● HOW TO COMPLETE THIS TASK
The records that follow should be returned exactly, pictures excluded.

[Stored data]
++++++++
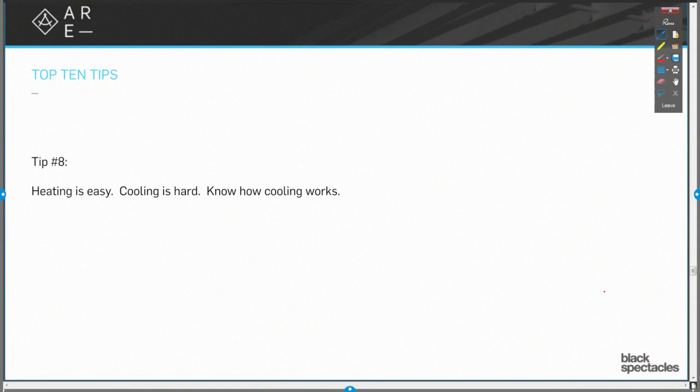Okay, this is going to be the world's fastest description of HVAC. Heating is easy. How do you do it? You light a fire. You burn something. It gets hot. Very simple.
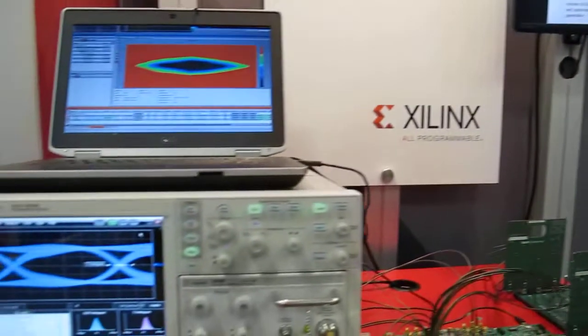We have three lanes running through this backplane. They've been running for two days now. Zero errors. And we have that fourth lane running to the scope showing good jitter performance.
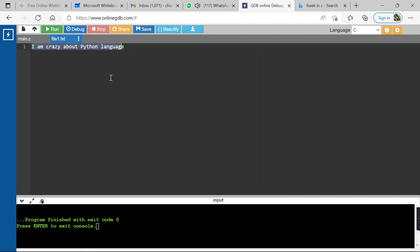This is how we make use of the fseek function. You can try more programs using negative values, positive values, and different whence constants such as SEEK_CUR, SEEK_END, and SEEK_SET.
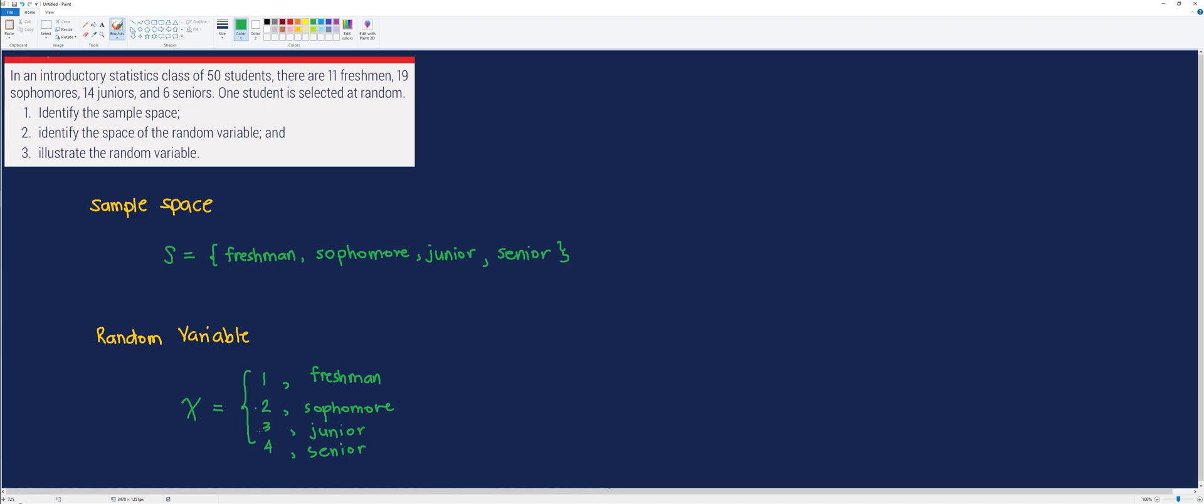Again, these numbers are arbitrarily chosen. You can either choose 0, 1, 2, and 3 to represent the four outcomes respectively, or any number that you can imagine. The reason for that is the outcomes don't represent any numerical value.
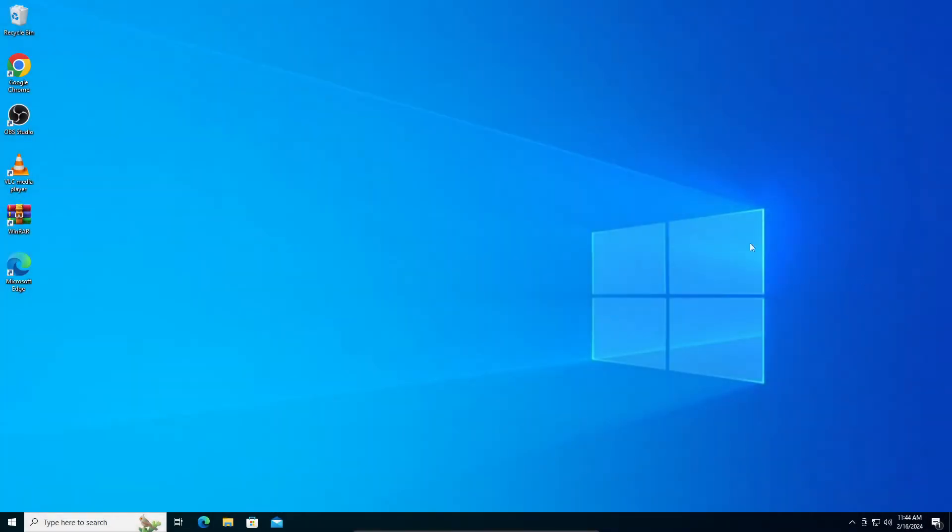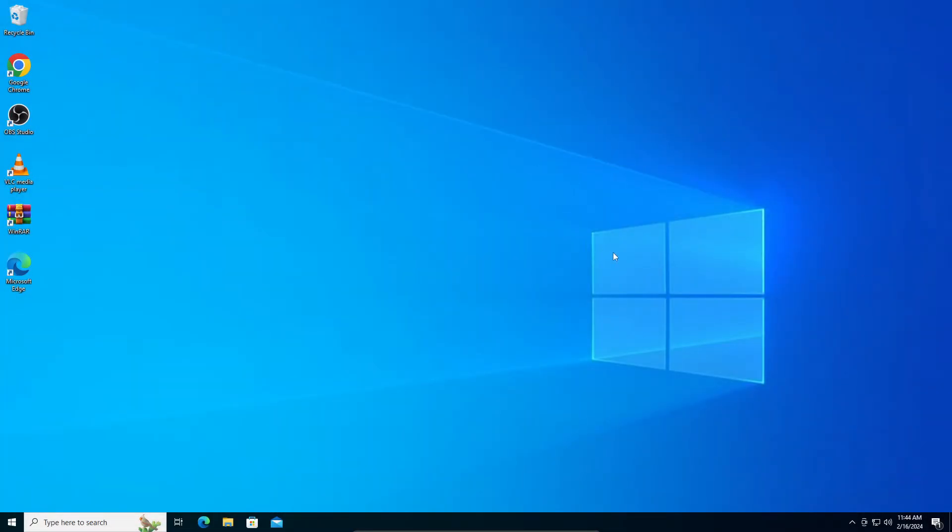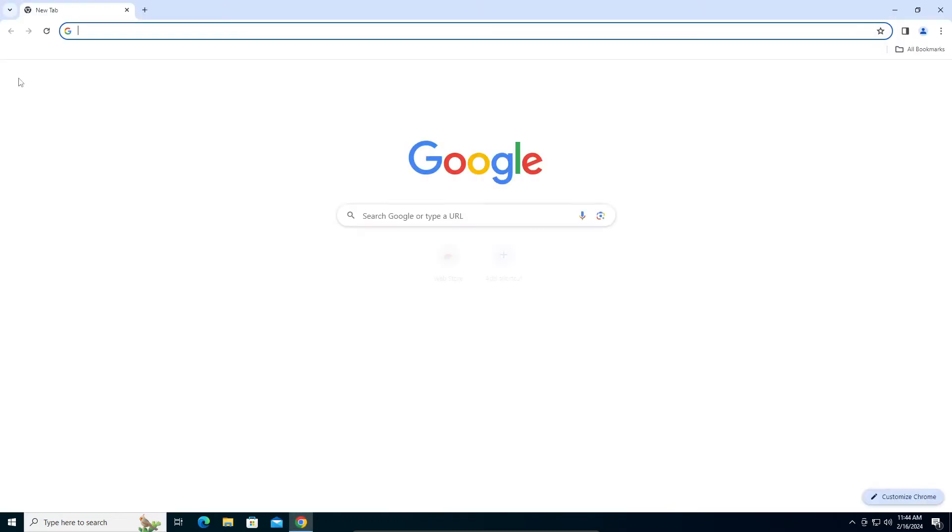Right, so hey guys, welcome to another tutorial. Today I'm going to teach you how to remove or disable the YouTube video pause 'continue watching' pop-up when you're watching YouTube videos.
++++++++
● EXERCISE RESULT
Okay, this is going to be the world's fastest description of HVAC. Heating is easy. How do you do it? You light a fire. You burn something. It gets hot. Very simple.
We have three lanes running through this backplane. They've been running for two days now. Zero errors. And we have that fourth lane running to the scope showing good jitter performance.
This is how we make use of the fseek function. You can try more programs using negative values, positive values, and different whence constants such as SEEK_CUR, SEEK_END, and SEEK_SET.
Again, these numbers are arbitrarily chosen. You can either choose 0, 1, 2, and 3 to represent the four outcomes respectively, or any number that you can imagine. The reason for that is the outcomes don't represent any numerical value.
Right, so hey guys, welcome to another tutorial. Today I'm going to teach you how to remove or disable the YouTube video pause 'continue watching' pop-up when you're watching YouTube videos.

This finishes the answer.